RECORDS:
------------------------------

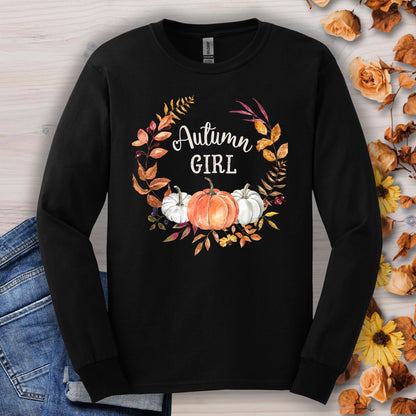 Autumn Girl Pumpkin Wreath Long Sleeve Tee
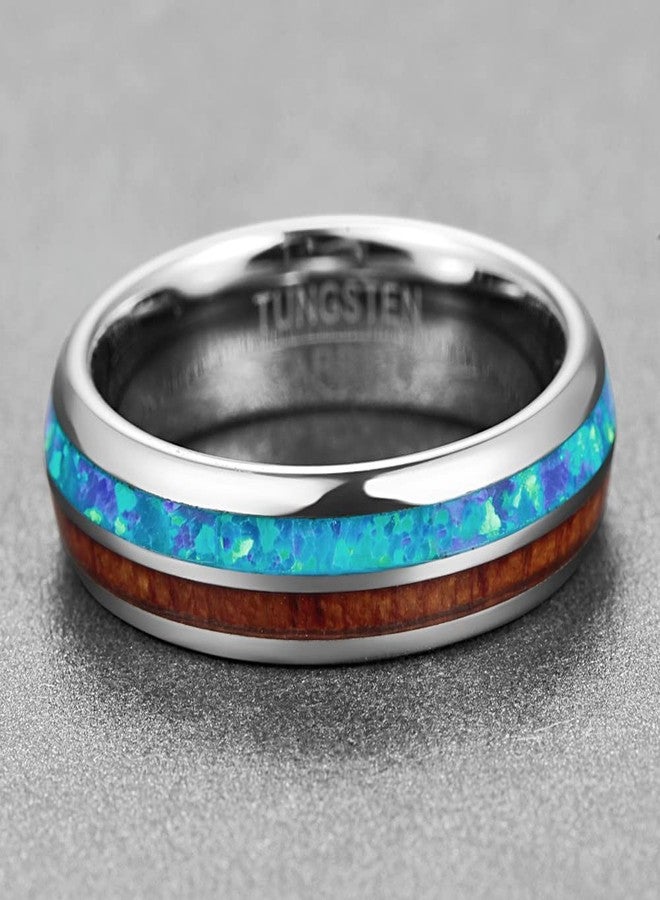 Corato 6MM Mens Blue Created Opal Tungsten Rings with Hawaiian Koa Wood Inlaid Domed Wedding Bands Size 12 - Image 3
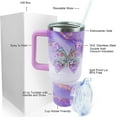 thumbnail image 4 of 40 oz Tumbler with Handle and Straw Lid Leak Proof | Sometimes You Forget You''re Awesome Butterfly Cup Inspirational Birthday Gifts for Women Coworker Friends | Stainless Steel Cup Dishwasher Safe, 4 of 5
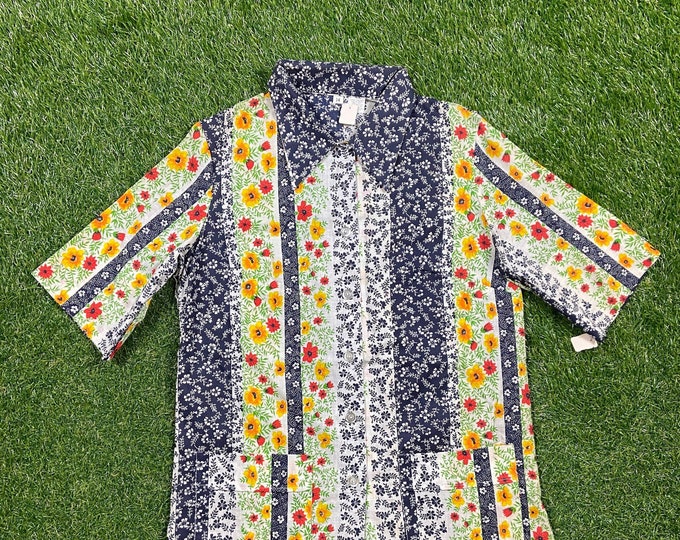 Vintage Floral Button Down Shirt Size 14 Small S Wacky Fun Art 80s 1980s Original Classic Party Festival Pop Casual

------------------------------

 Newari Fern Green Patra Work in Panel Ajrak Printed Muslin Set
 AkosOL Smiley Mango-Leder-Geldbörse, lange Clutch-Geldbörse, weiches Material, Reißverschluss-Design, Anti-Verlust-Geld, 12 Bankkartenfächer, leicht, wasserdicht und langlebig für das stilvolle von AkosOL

------------------------------

EXERCISE BRIEF:
Copy exactly the lines of the listing above between the one holding "thumbnail image 4" and the one holding "Vintage Floral Button", inclusive; omit all pictures.

ANSWER TO THIS TASK:
 thumbnail image 4 of 40 oz Tumbler with Handle and Straw Lid Leak Proof | Sometimes You Forget You''re Awesome Butterfly Cup Inspirational Birthday Gifts for Women Coworker Friends | Stainless Steel Cup Dishwasher Safe, 4 of 5
 Vintage Floral Button Down Shirt Size 14 Small S Wacky Fun Art 80s 1980s Original Classic Party Festival Pop Casual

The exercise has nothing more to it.